**ASSIGNMENT**
Extract the full listing verbatim and drop any pictures from your copy.

**DATA SEGMENT**
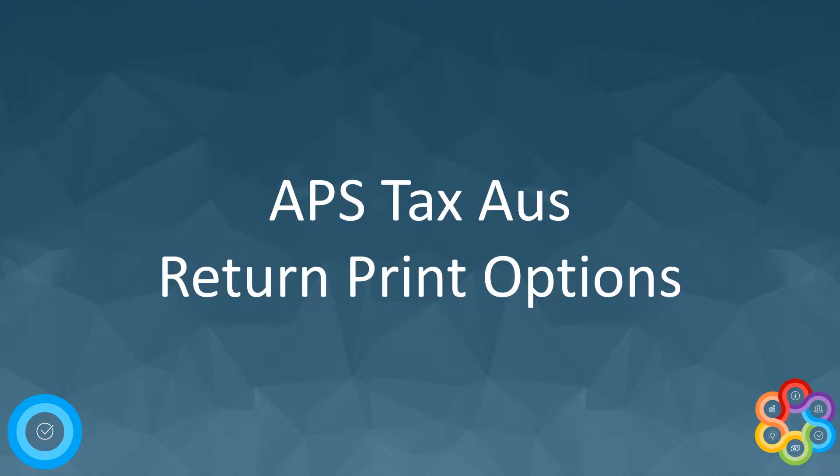Welcome back, thanks for joining. We're going to have a look now that we've entered all the data into the return at the print options available to us.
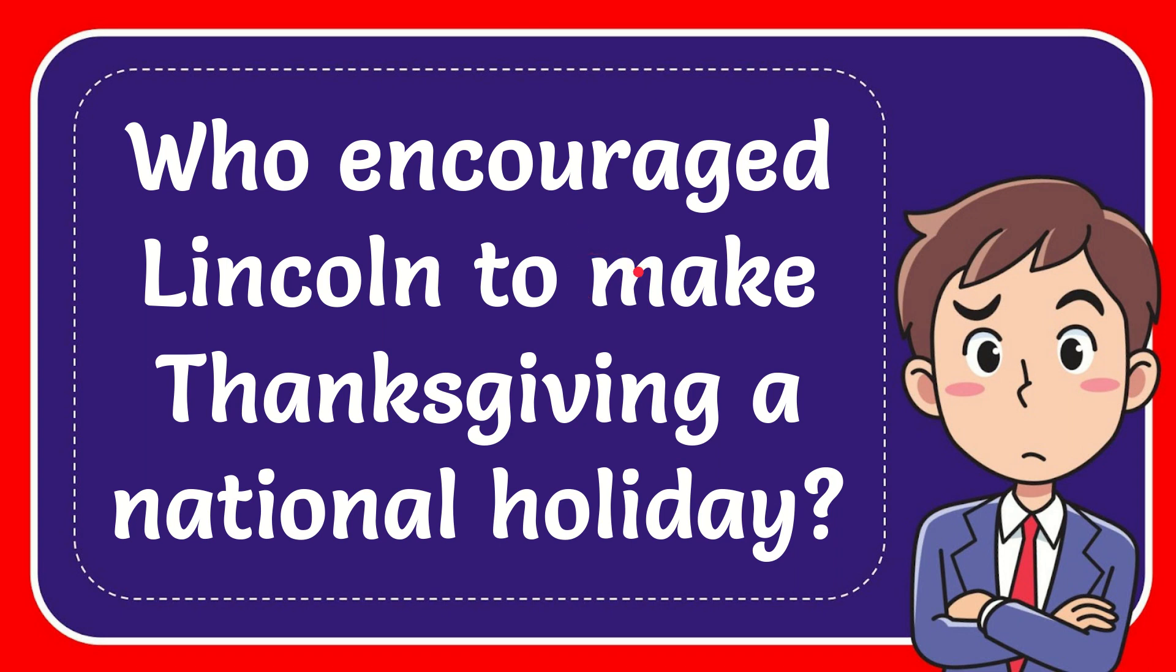In this video, I'm going to give you the answer for this question. The question is: who encouraged Lincoln to make Thanksgiving a national holiday?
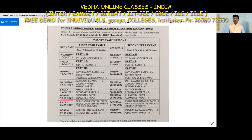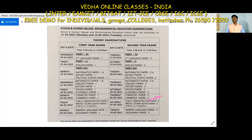May 2nd we have the next exam: Chemistry first year and Commerce first year papers. May 5th: second year Chemistry and Commerce second year papers. These are for the MPC, MEC, YPC, CEC, and HEC groups.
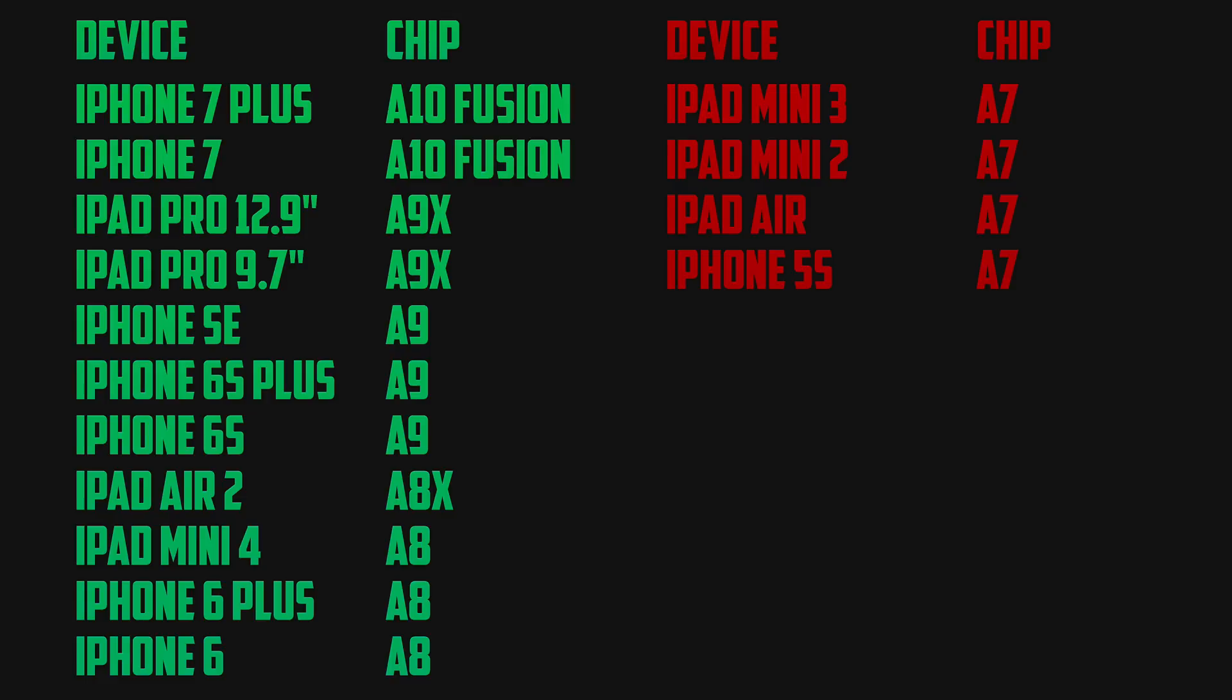I mean right now it's out doing every Samsung phone, every LG phone, honestly I have the iPhone 7 and I really can tell the difference. Now just as a little fun fact I've read this across a couple of different articles, basically the iPhone 7 Plus' Geekbench score is almost faster than the MacBook Air which is honestly just crazy.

**YOUR RESPONSE**
Welcome back, thanks for joining. We're going to have a look now that we've entered all the data into the return at the print options available to us.
In this video, I'm going to give you the answer for this question. The question is: who encouraged Lincoln to make Thanksgiving a national holiday?
May 2nd we have the next exam: Chemistry first year and Commerce first year papers. May 5th: second year Chemistry and Commerce second year papers. These are for the MPC, MEC, YPC, CEC, and HEC groups.
I mean right now it's out doing every Samsung phone, every LG phone, honestly I have the iPhone 7 and I really can tell the difference. Now just as a little fun fact I've read this across a couple of different articles, basically the iPhone 7 Plus' Geekbench score is almost faster than the MacBook Air which is honestly just crazy.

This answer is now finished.